Back then, Bill's stocked a lot of rap --- to make any money you had to, because the rap audience is always looking for the flavor of the month, so you'd never know what would sell. Lots of the albums were independantly produced gansta rap CDs. Gangsta rap was getting kind of stale, even then. But the CDs kept on coming even though nobody bought them. So Rob and his fellow employee Mark created a special section for the slow moving rap artists. They named the section "Strugglas."

One of the albums pictured a rapper, or Stuggla if you will, dressed up in a heavy winter parka standing in front of stack of orange tires in some sort of junk yard. "Look at this album," Rob would say. "I bet the hit single goes something like this: 'Orange tires. Stacks and stacks.' "

But my favorite Struggla, based purely on his album cover, was Tommy Wright III who released a CD intitled "On The Run." The amatuerish album cover was eye catching for several reasons. First of all, what gangsta rapper uses the name his mama gave him on the cover? Second, the album showed a montage of four different pictures of our boyish hero, Tommy, engaged in different criminal acts --- most of them misdemeanors offenses at best. In one, he appears to be shooting a B.B. gun while propping it up on a chain link fence. The another shows Tommy climbing over a chain link fence. The third and fourth photos show Tommy in various states of arrest by the police. While I'm sure Tommy has outstanding rap abilities, his on the run status seemed to be hindered by his petty choice of crimes, chain link fences and law enforcement. What else would you expect from a Struggla?

Attractive


Why is beauty so subjective? Why is it that women the rest of the universe holds up as the standard bearer for attractiveness I find absolutely foul? For example, most people go apeshit over Jessica Simpson. And I can't figure it out. She looks so much what every other woman strives for --- slim, blonde, sparkley --- that she's almost characterless to me (granted, being incredibly stupid will taint the whole deal for me, no matter what a woman looks like.)

So what do I find attractive in a woman from just a physical standpoint? I don't know. Fat, skinny, straight teeth, crooked teeth, short, tall, blonde, red head --- all can be attractive to me. I know it when I see it. Take this photo I've posted of Janet Weiss, the drummer for the super loud Washington punk band Sleater-Kinney. Janet will never make the cover of Cosmo. She's got a homemade haircut, her teeth aren't perfect and the laugh lines are starting to show.
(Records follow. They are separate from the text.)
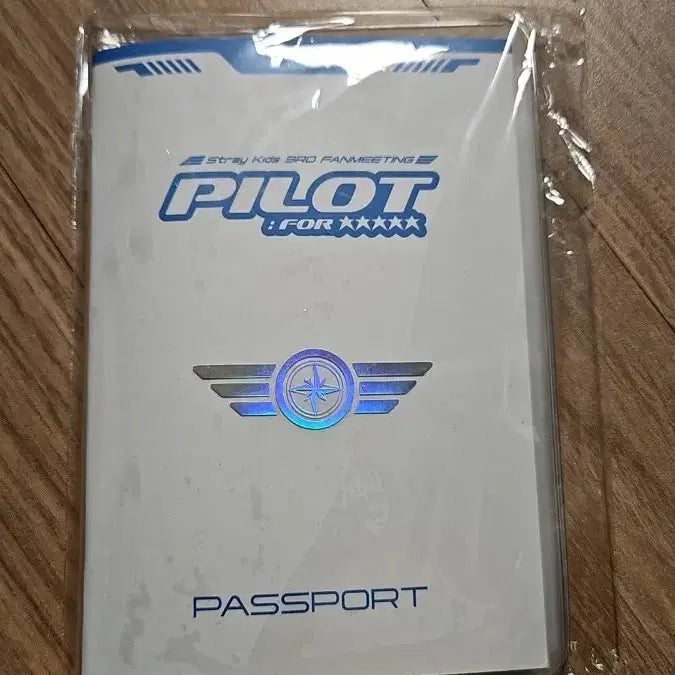 [BUNJANG] Stray Kids Pilot Fanmeeting MD Passport Set Hyunjin Sealed / 스키즈 파일럿 팬미팅 엠디 여권 세트 현진 미개봉 양도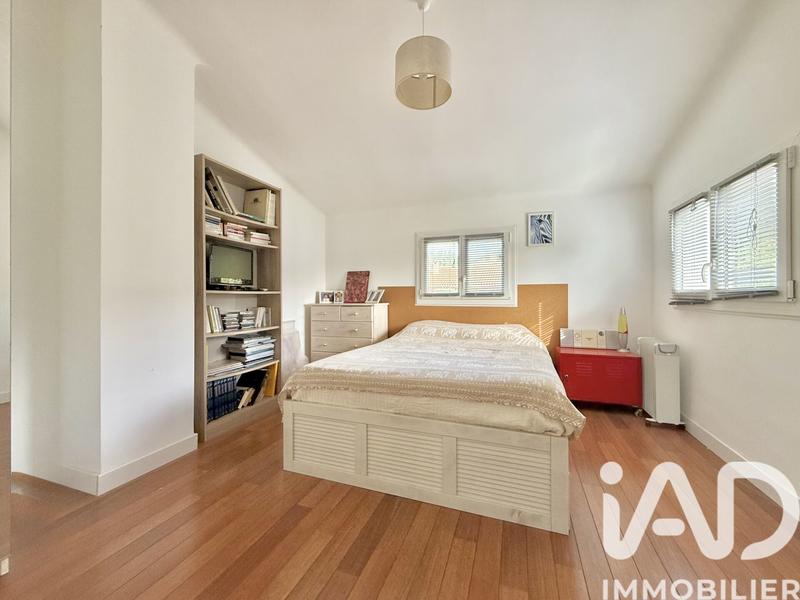 Maison - 94 m² - 5 pièces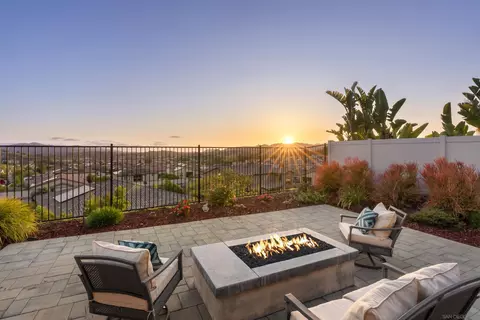 Exterior - 1417 Apex Pl, Escondido, CA 92026 photo 7 of 10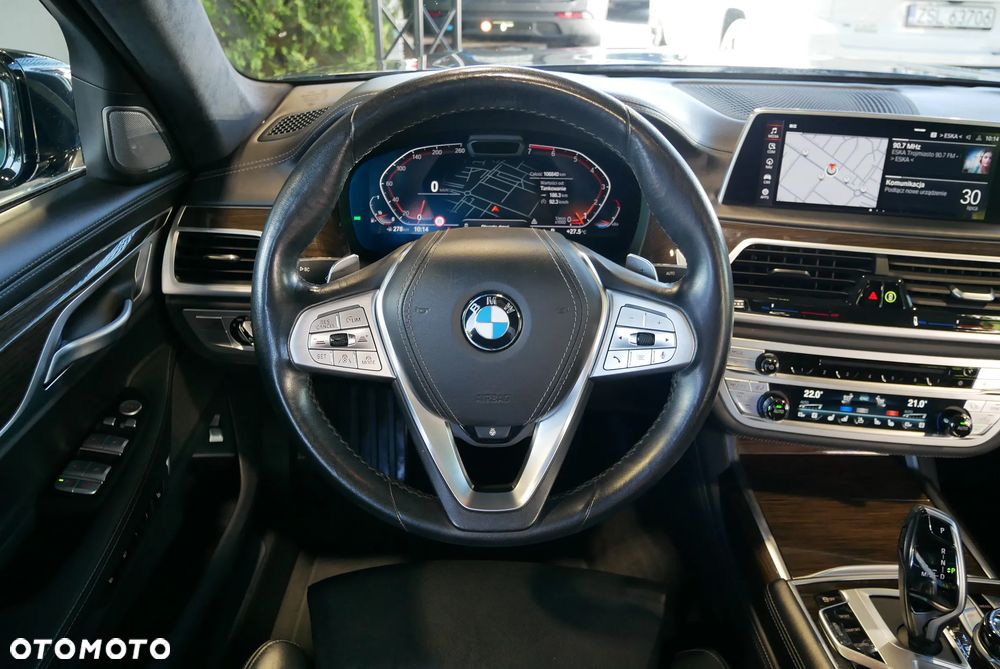 BMW Seria 7 750Li xDrive - 21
But I'd turn around to look at Janet twice were I to happen upon her on the street. She's distinctive looking and resembles no one else I know. And I guess that's what I find attractive.

My wife certainly qualifies --- nobody else I know looks like her, even though occasionally people say Susan Sarandon. But I think that's just an easy way to compliment her, because I think she's pretty in her own right. It doesn't hurt that she's smart as hell, but that's beside the point.

Monday, April 03, 2006

Love is . . . .


receiving your tax refund check in the mail, just in time to fund a historic, debauchery-fueled trip to Europe.

Sunday, April 02, 2006

Telling Stories


"So, I left a McDonald's cup on a shelf in this chick's office over the weekend. And by Monday, the smell was unbelievable."

Scruffy


Is there any doubt that beards are sexy?